[Information shown Boundary: Start]
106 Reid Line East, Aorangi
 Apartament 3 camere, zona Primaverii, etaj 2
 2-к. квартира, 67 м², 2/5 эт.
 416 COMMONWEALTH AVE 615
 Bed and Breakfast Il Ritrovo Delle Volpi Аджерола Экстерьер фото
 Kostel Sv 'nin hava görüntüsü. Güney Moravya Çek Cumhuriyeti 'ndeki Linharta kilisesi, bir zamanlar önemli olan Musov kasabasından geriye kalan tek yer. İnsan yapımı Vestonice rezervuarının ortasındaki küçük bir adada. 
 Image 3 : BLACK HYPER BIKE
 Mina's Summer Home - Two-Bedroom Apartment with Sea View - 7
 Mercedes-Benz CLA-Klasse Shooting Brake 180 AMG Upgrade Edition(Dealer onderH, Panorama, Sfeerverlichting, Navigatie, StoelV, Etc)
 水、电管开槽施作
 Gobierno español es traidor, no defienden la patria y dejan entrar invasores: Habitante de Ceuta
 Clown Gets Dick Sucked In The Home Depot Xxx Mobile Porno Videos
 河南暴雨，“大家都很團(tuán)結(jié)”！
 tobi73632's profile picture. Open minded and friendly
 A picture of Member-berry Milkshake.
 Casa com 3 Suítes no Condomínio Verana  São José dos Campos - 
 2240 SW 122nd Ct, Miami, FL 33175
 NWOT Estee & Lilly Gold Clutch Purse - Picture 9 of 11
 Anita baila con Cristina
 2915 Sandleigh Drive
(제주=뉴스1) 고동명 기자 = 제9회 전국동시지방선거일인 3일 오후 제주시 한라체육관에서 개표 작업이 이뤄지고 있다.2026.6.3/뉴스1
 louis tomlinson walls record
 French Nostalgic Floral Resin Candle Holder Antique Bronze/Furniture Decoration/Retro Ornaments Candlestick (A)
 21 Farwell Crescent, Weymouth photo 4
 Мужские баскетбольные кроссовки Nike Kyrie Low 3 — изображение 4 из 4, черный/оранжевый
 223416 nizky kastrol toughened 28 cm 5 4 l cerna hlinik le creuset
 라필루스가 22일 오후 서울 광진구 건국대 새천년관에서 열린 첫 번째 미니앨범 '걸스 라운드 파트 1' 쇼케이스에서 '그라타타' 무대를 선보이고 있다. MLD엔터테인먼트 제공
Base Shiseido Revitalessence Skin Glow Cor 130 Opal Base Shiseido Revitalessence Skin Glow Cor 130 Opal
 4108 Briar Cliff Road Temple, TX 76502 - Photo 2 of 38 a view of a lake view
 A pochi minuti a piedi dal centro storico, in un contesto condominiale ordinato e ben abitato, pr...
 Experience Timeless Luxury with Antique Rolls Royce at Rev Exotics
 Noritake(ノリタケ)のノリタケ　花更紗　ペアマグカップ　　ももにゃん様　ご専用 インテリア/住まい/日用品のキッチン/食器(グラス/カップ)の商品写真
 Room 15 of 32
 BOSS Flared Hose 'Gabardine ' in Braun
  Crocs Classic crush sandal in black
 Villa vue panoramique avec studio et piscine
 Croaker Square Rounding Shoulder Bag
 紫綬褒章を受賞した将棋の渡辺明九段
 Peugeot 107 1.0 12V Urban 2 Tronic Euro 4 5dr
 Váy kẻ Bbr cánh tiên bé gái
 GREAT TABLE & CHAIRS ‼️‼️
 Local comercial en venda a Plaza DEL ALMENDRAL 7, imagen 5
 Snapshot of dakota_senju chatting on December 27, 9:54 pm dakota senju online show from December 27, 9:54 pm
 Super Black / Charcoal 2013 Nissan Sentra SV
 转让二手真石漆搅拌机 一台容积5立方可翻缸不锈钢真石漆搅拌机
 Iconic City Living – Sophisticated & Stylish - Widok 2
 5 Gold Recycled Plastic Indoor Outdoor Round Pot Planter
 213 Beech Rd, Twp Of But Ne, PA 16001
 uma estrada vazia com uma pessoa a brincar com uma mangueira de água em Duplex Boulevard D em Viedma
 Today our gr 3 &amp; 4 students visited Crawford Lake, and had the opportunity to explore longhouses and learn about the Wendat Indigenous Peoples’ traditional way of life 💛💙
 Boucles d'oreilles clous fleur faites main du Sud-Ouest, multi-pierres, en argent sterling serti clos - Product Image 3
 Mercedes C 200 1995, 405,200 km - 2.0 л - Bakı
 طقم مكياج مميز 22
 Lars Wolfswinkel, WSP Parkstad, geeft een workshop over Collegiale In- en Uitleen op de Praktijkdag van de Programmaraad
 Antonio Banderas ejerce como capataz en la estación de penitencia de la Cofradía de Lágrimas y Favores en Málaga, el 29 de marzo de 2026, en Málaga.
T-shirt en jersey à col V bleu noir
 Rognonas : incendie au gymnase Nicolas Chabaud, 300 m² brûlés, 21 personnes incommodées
[Information shown Boundary: End]
◆ How to complete this task: Please copy the lines in the records above between the one holding "2915 Sandleigh Drive" and the one holding "4108 Briar Cliff", inclusive, exactly and with no other line.

◆ Your solution:
 2915 Sandleigh Drive
(제주=뉴스1) 고동명 기자 = 제9회 전국동시지방선거일인 3일 오후 제주시 한라체육관에서 개표 작업이 이뤄지고 있다.2026.6.3/뉴스1
 louis tomlinson walls record
 French Nostalgic Floral Resin Candle Holder Antique Bronze/Furniture Decoration/Retro Ornaments Candlestick (A)
 21 Farwell Crescent, Weymouth photo 4
 Мужские баскетбольные кроссовки Nike Kyrie Low 3 — изображение 4 из 4, черный/оранжевый
 223416 nizky kastrol toughened 28 cm 5 4 l cerna hlinik le creuset
 라필루스가 22일 오후 서울 광진구 건국대 새천년관에서 열린 첫 번째 미니앨범 '걸스 라운드 파트 1' 쇼케이스에서 '그라타타' 무대를 선보이고 있다. MLD엔터테인먼트 제공
Base Shiseido Revitalessence Skin Glow Cor 130 Opal Base Shiseido Revitalessence Skin Glow Cor 130 Opal
 4108 Briar Cliff Road Temple, TX 76502 - Photo 2 of 38 a view of a lake view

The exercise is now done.